2. Preparation of SnO2 mesoporous: Anhydrous tin chloride (SnCl2, 99%, Aldrich) was used as a tin source, and polyethylene glycol Pluronic P-123 (Aldrich) was applied as the structure- directing agent. All of the chemicals were used without further purification. SnO2 samples was synthesized using sol-gel method process as following: a solution was prepared by dispersing 1.5 g of Pluronic P-123 in 15 mL ethanol over 1 h at 40 °C. Then solution was mixed with 5 mL of SnCl2, 10 mL distilled water under continuous stirring and then an appropriate amount of HCl was added to adjust the acidity of the solution. After 4 hours mixing the precipate was left standing to age for 48 h in Petri dishes at 40˚C. In order to obtain SnO2 mesoporous the sample was treated in furnance in air atmosphere at 400˚C for 1 hour at a ramping rate of 1˚C/min.
3. Preparation of SnO2 paste: SnO2 solutions were prepared, according to following protocol:
0.3 g crystalline SnO2 powder was mixed with a solution of ethyl cellulose and 2 ml α-terpinol and ultrasounded for 20 minutes. For a good homogenization, SnO2 paste was placed in the ball mill (Lab Mills lx QM vertical planetary ball mill) at a frequency of 40 kHz for 12 hours.

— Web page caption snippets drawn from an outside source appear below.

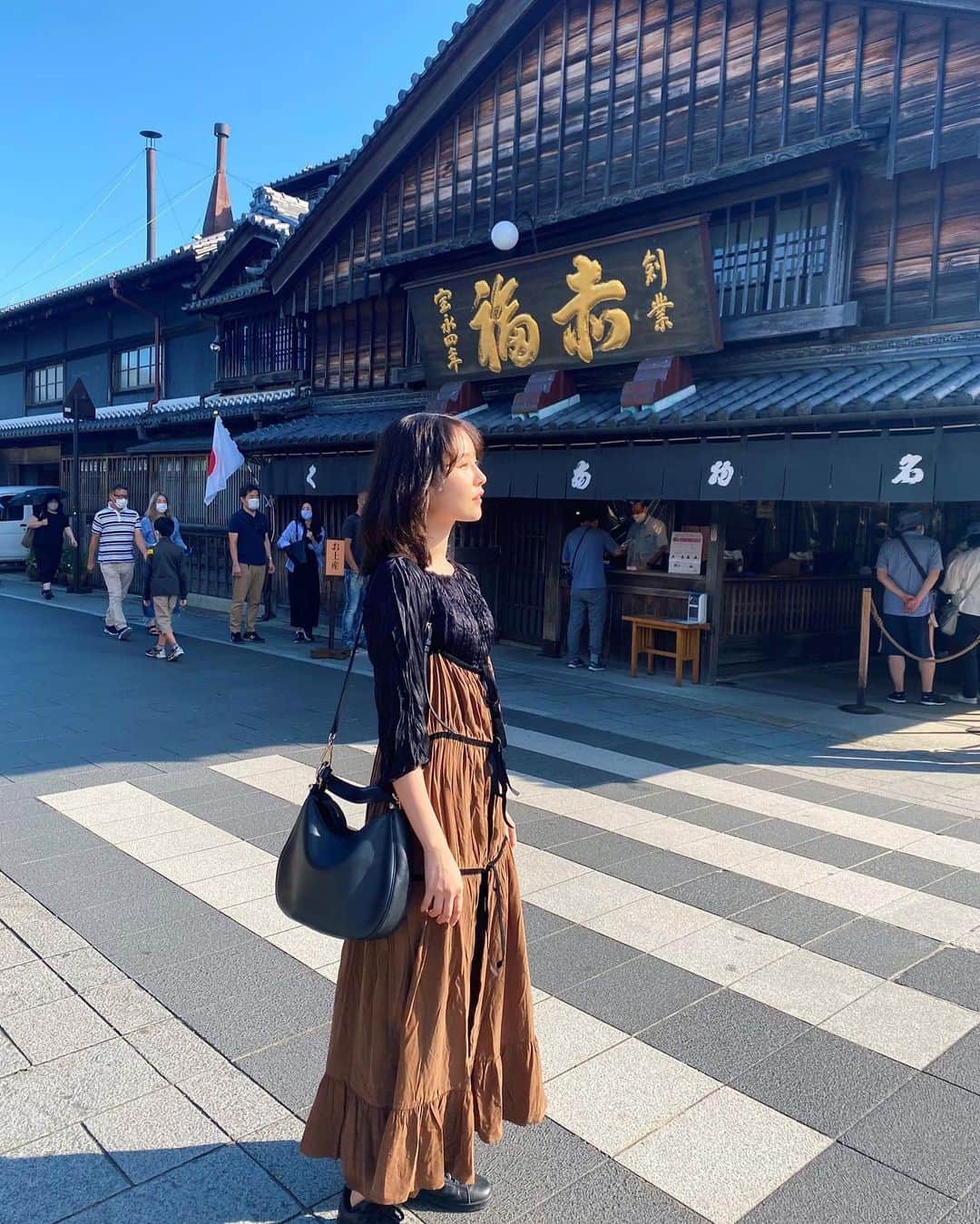 まつきりなさんのインスタグラム写真 - (まつきりなInstagram)「お父さんと兄妹で、初、伊勢神宮へ⛩ 丁寧に参拝回ってきました🙏 家族愛が止まらない数日間だったなっ いい気をいっぱいもらえて、またハッピーオーラあがったような☺︎  ストーリーで質問多かったこのベロアワンピースは オープンしたばかりの @ayla.jp_official ❤︎ 中はパンツを合わせて楽ちんだけど女性らしく。 可愛くてお気に入り〜！！  #伊勢神宮 #おかげ横丁  #まつきの私服  #ayla#アイラ#コスメアンドワンピース#ワンピース」9月23日 19時04分 - matsuki_rina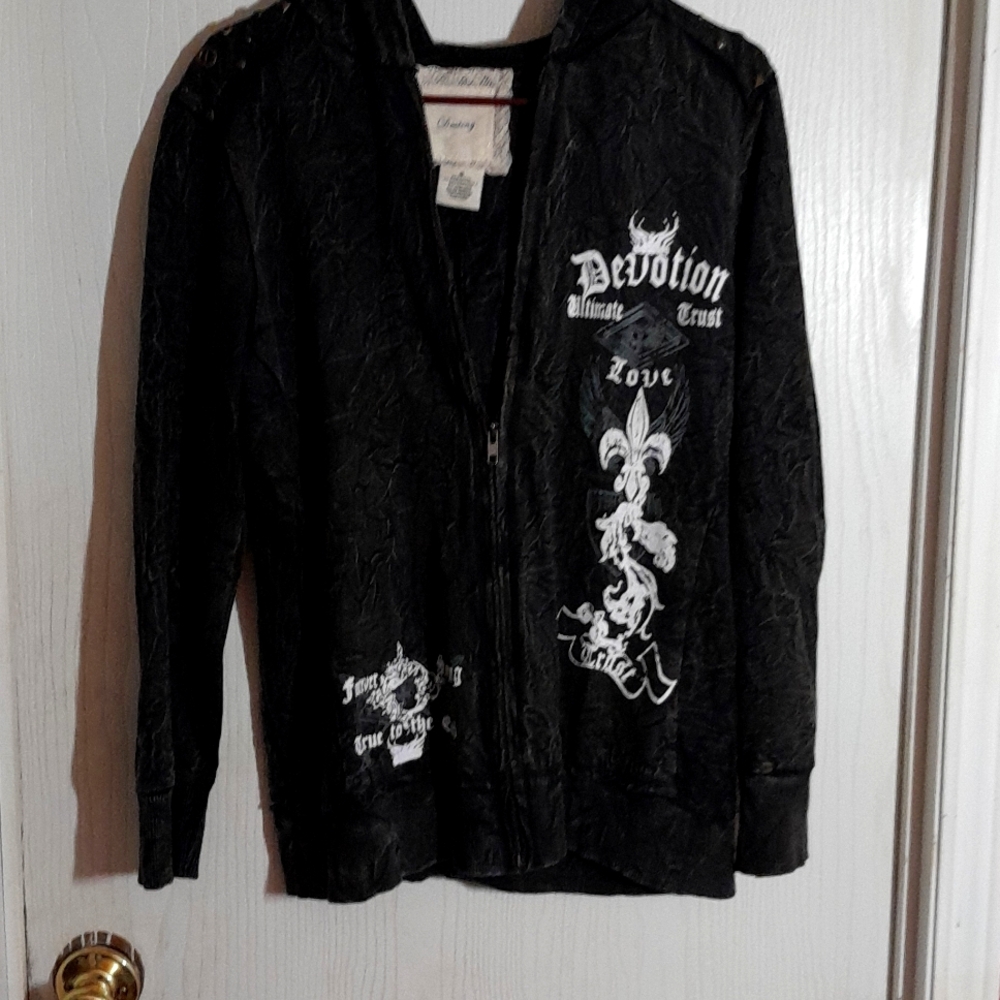 This cool hoodie perfect for fall.Black with white writing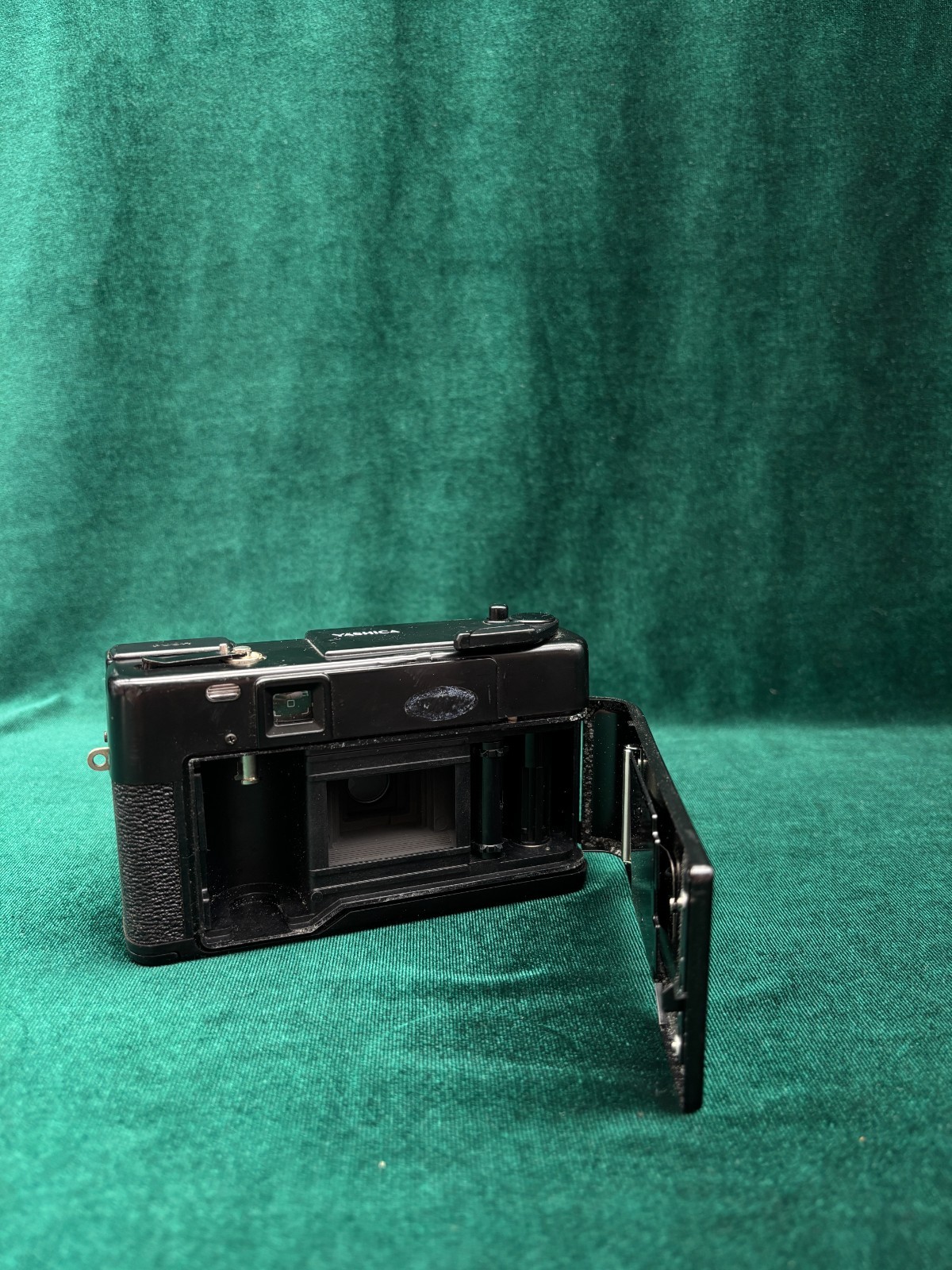 Vintage Yashica Auto Focus Untested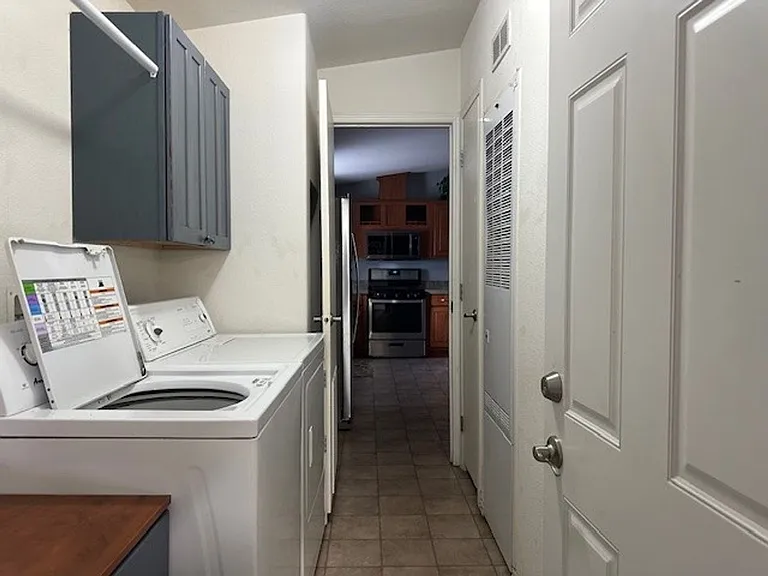 1744 S Union Pacific St — Photo 8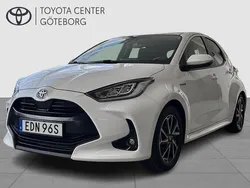 Vit Begagnad 2020 Toyota Yaris Hybrid Active Halvkombi | 209 900 kr (Lite dyr)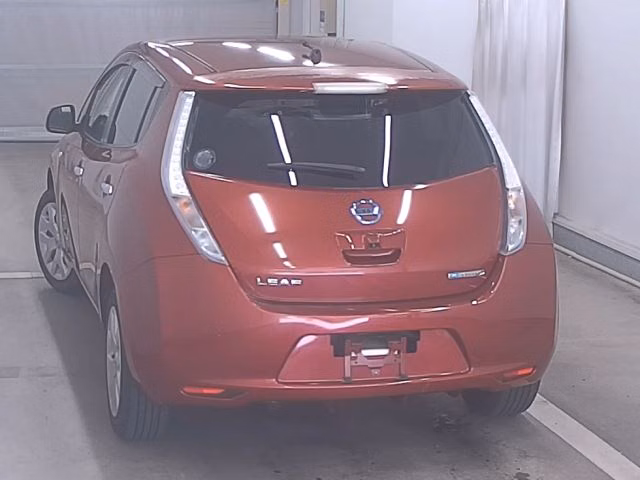 NISSAN LEAF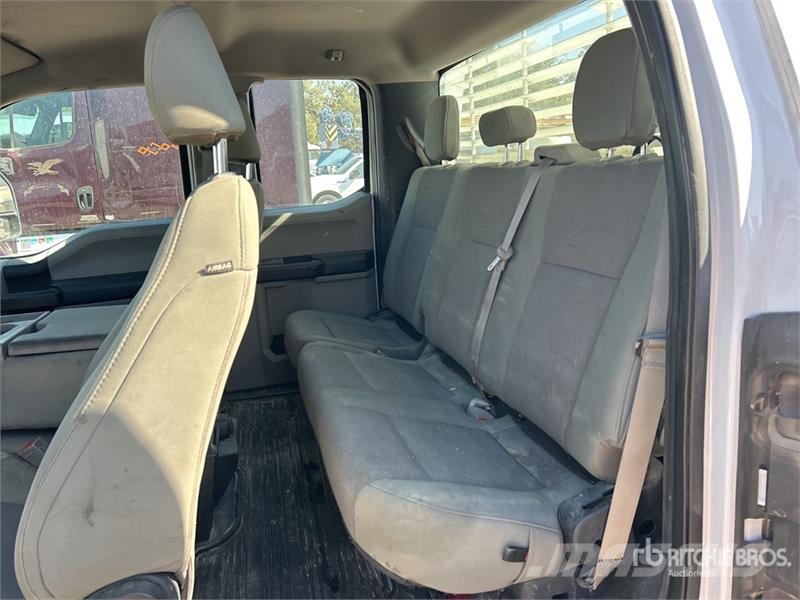 Ford F-250 XL 4x4 Extended Cab Pickup Citi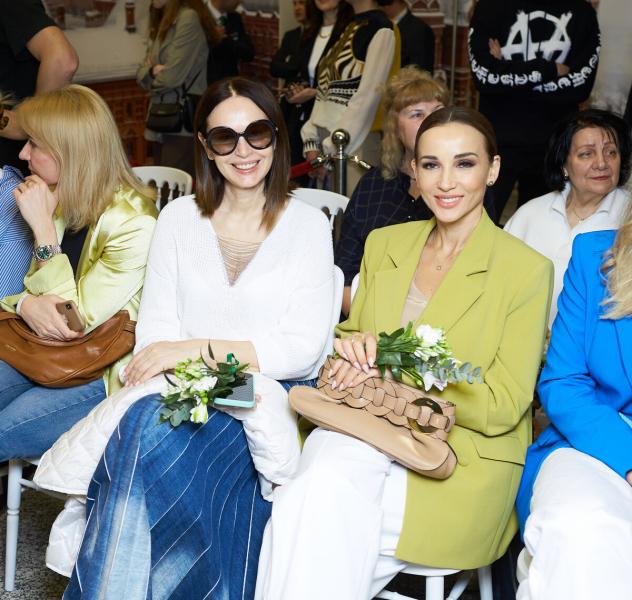 Показ круизных коллекций купальников отсети ESTELLE ADONY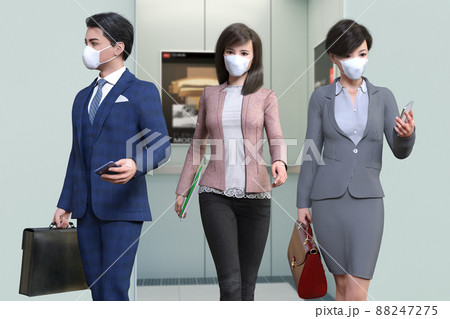 マスクを装着した三人のビジネスマンたちがエレベーターから降りてくる 88247275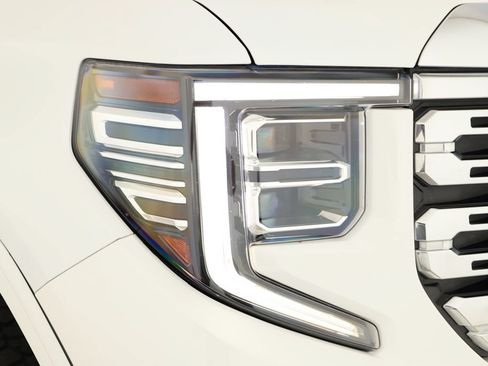 Used 2022 GMC Sierra 1500 Denali AWD/4WD image 40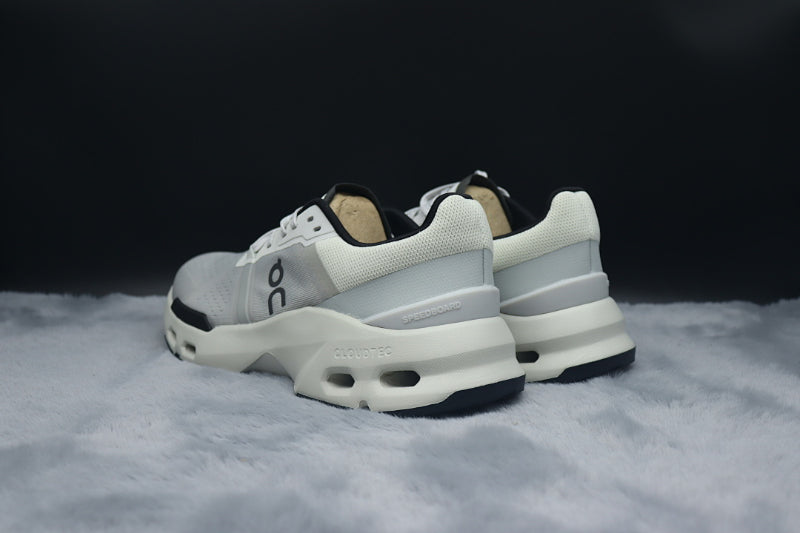 ON Cloudpulse | Retro-Inspired Lifestyle Sneakers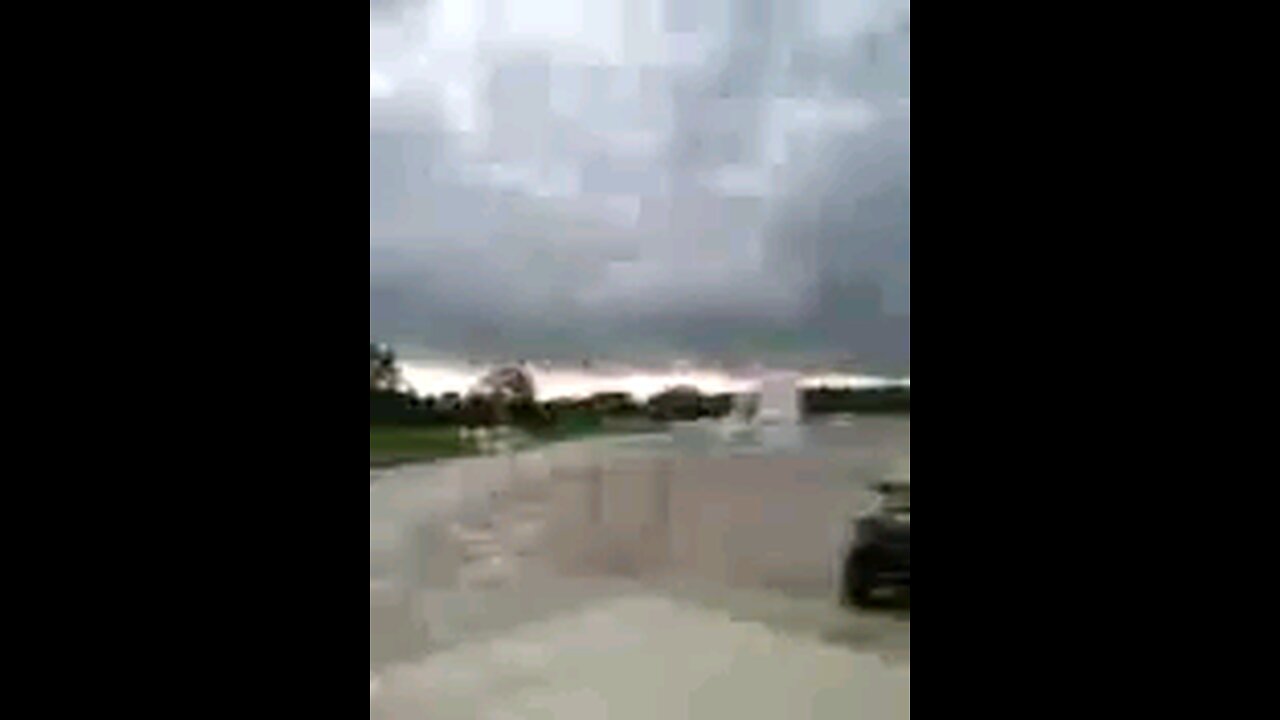 Storm Moving In Patoka, Illinois 07-26-2015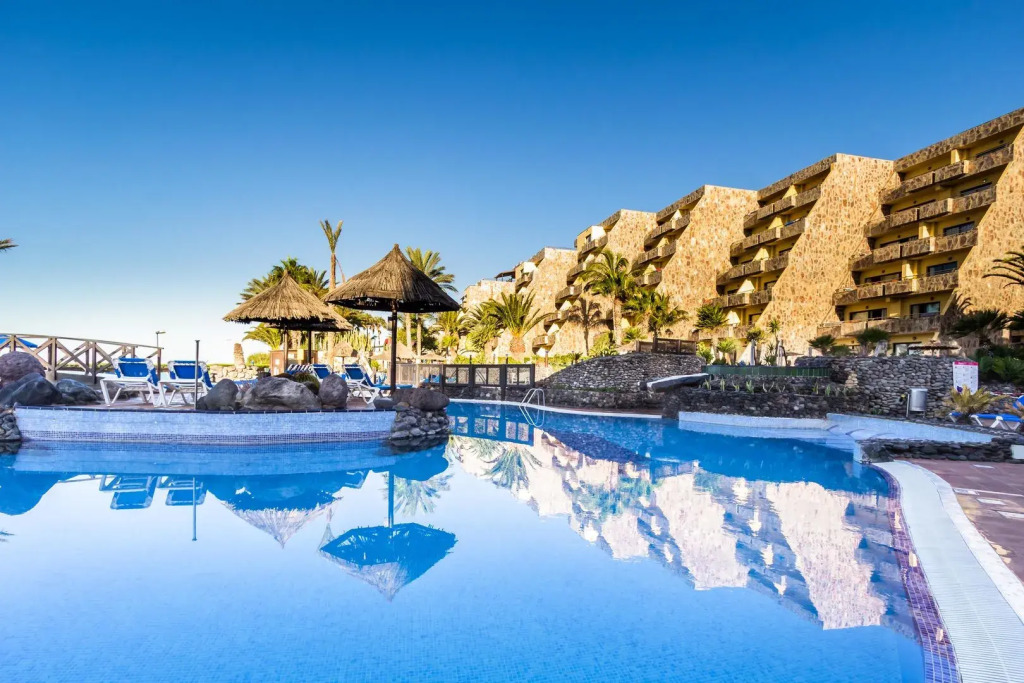Апарт-отель BlueBay Beach Club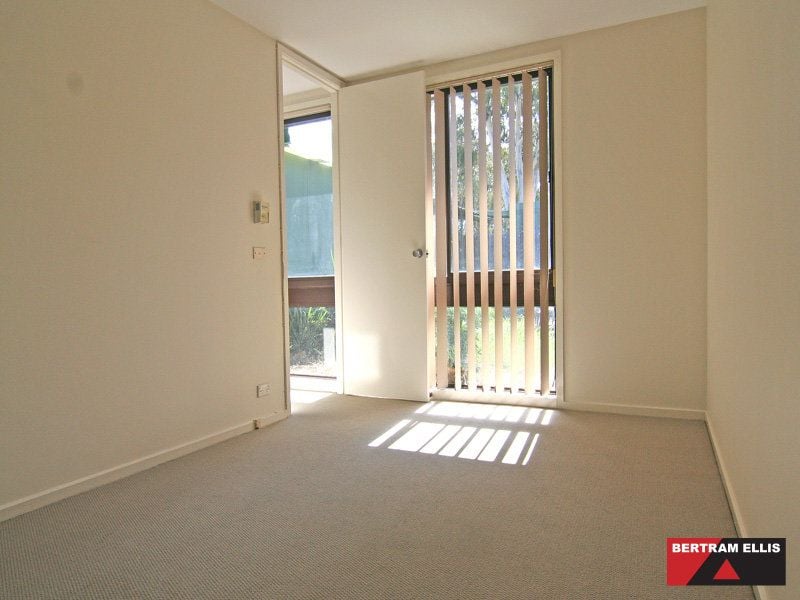 73 Chirnside Circuit, Kambah - Thumbnail 7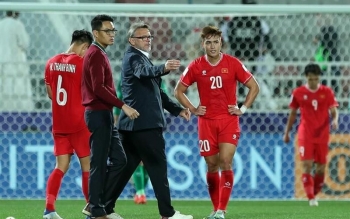 HLV Troussier: &apos;Tuyển Việt Nam sẽ đấu hết mình để bảo vệ màu cờ sắc áo&apos;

Finally, SnO2 paste was deposited on Ti plates using a conventional one deposition of Doctor- Blade method. The SnO2/Ti plate was then dried in air for 30 minutes, and a final annealing was performed at 300˚C for 1 hour at a ramping rate of 1˚C/min.
Results and discussion
In order to determine the crystal phase composition, X-ray diffraction measurements were carried out at room temperature using a PANalytical X’PertPRO MPD Difractometer with Cu tube in the region 2θ = 20–80º.
Fig. 1. XRD pattern for Ti plate, SnO2 powder and SnO2/Ti plate (electrode)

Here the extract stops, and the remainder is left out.